Stop at the line that contains "40 Inch Saucer". Until then, set down each line of the records exactly, beginning with the first, and skip pictures.
-----
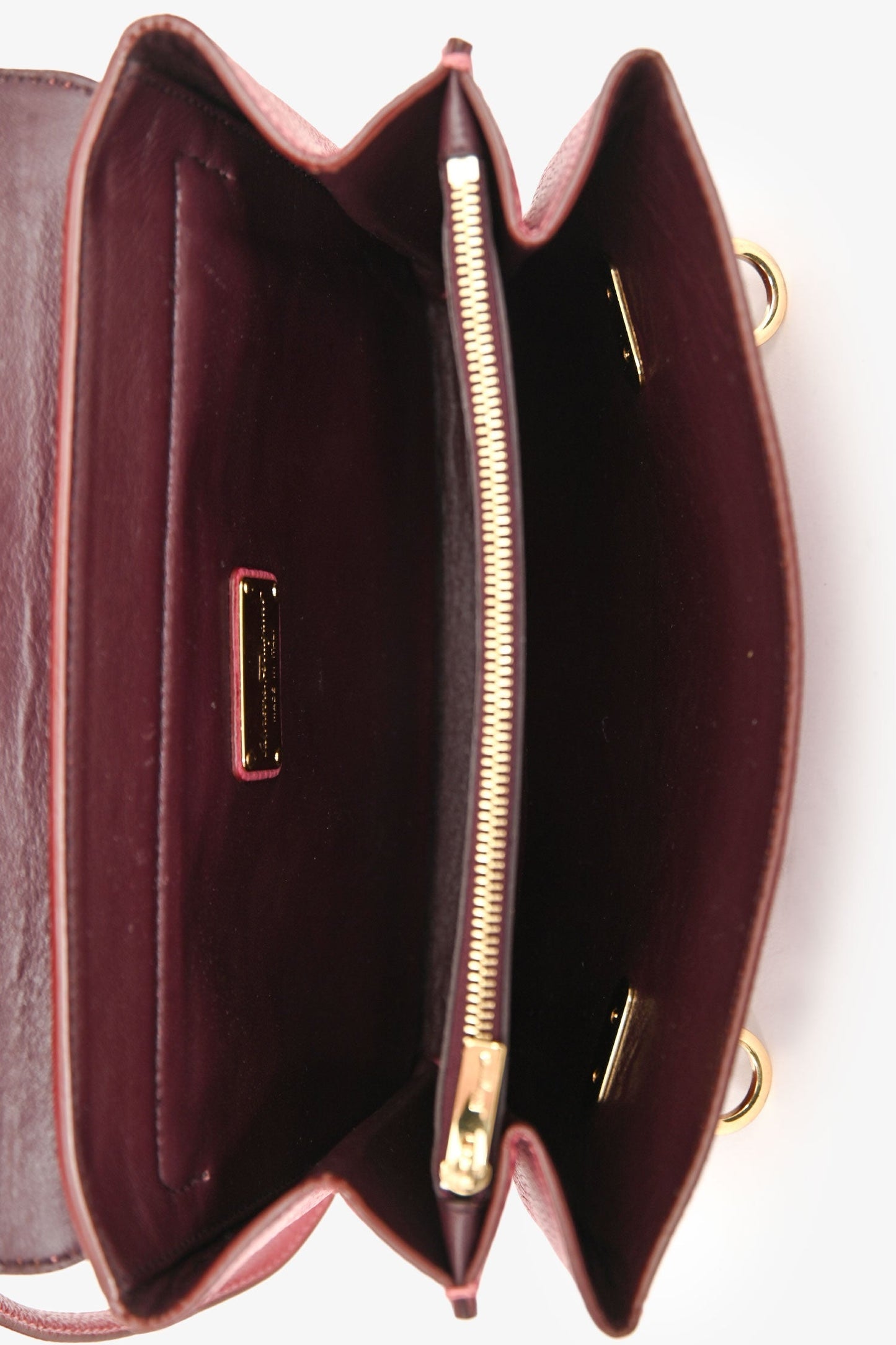Salvatore Ferragamo Pink Grained Leather Mya Crossbody Bag
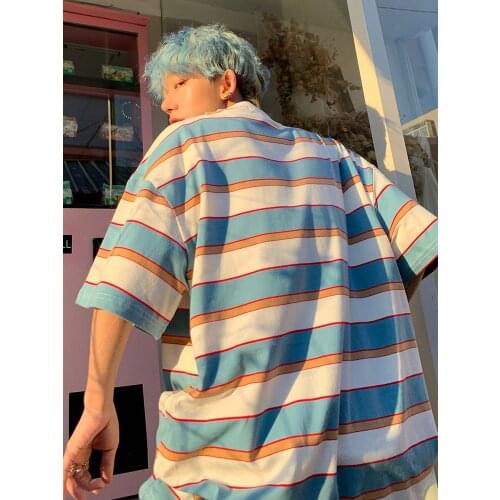 Striped Contrast Short Sleeve T-Shirt Mens Trendy Summer Street Hip Hop Loose Retro Couple Tops Personality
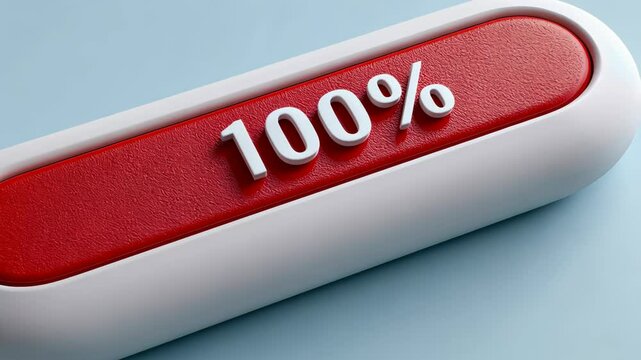 Stylish button with 100% indicator on a light blue background, ideal for tech-related projects and design.
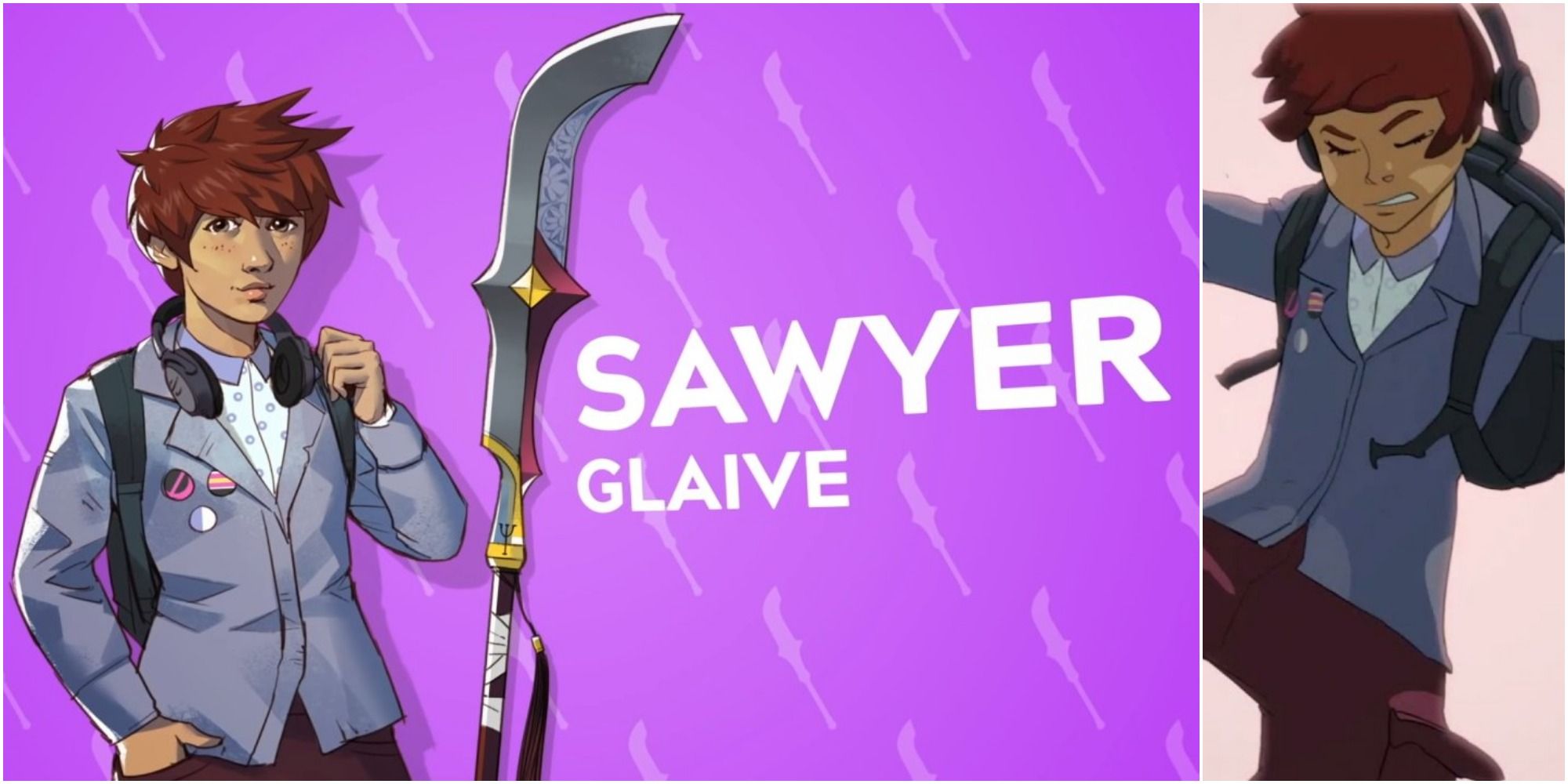 Sawyer and their glaive form in Boyfriend Dungeon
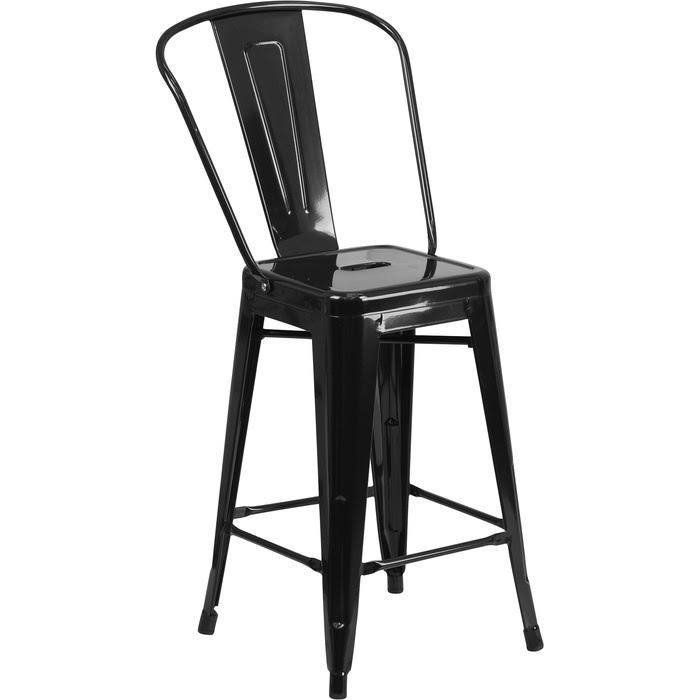 Flash Furniture High Metal Indoor/Outdoor Counter Height Stool with Back, Black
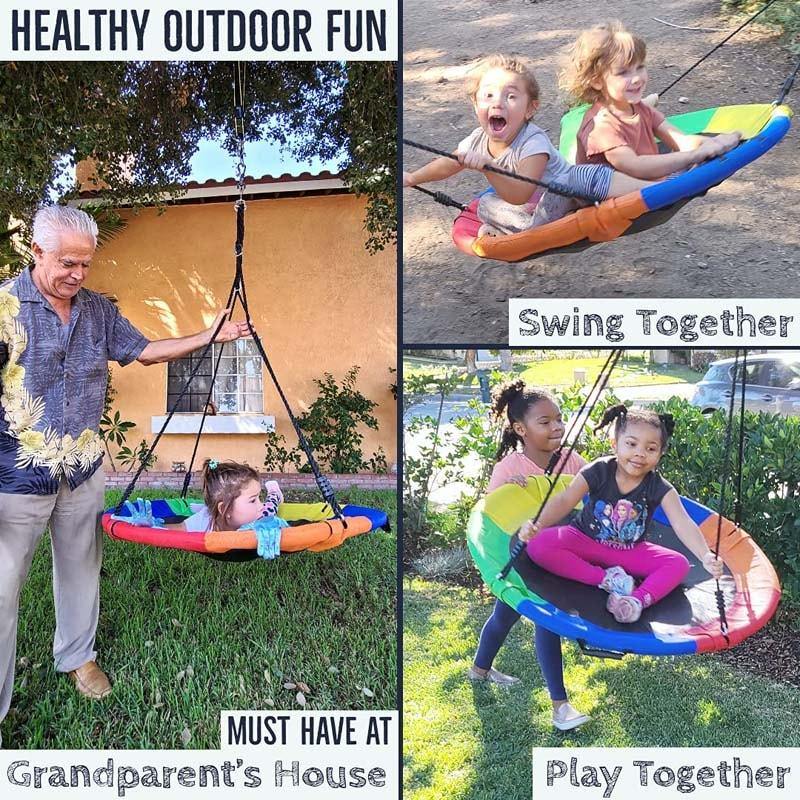 40 Inch Saucer Tree Swing Outdoor Play for Kids - Bestoutdor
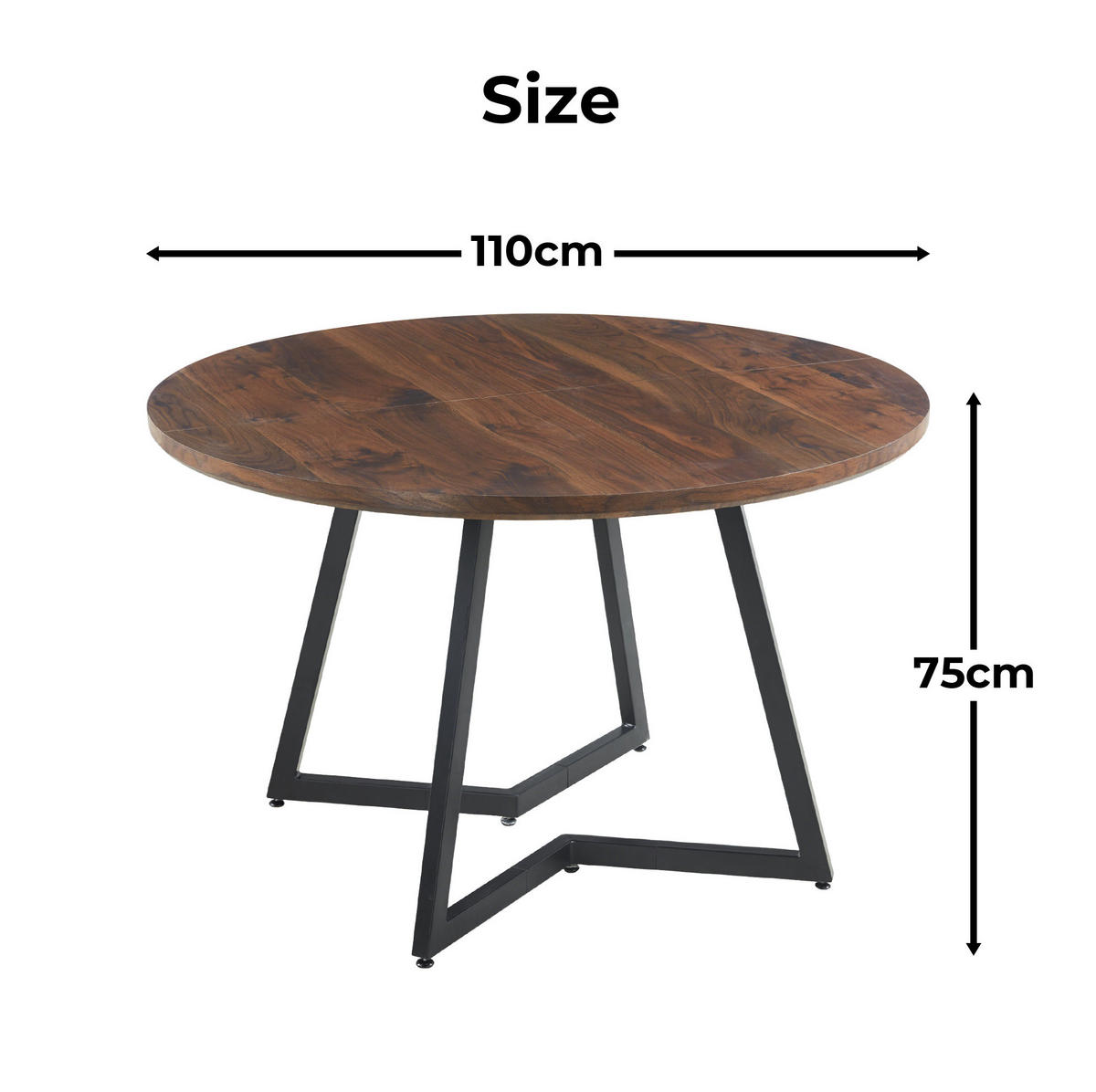 ESSTISCH 110/110/75 cm walnuss aus MDF mit Metallgestell - Walnussfarben, Holzwerkstoff (110/110/75cm) - OKWISH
-----
● **Your response**:
Salvatore Ferragamo Pink Grained Leather Mya Crossbody Bag
 Striped Contrast Short Sleeve T-Shirt Mens Trendy Summer Street Hip Hop Loose Retro Couple Tops Personality
 Stylish button with 100% indicator on a light blue background, ideal for tech-related projects and design.
 Sawyer and their glaive form in Boyfriend Dungeon
 Flash Furniture High Metal Indoor/Outdoor Counter Height Stool with Back, Black
 40 Inch Saucer Tree Swing Outdoor Play for Kids - Bestoutdor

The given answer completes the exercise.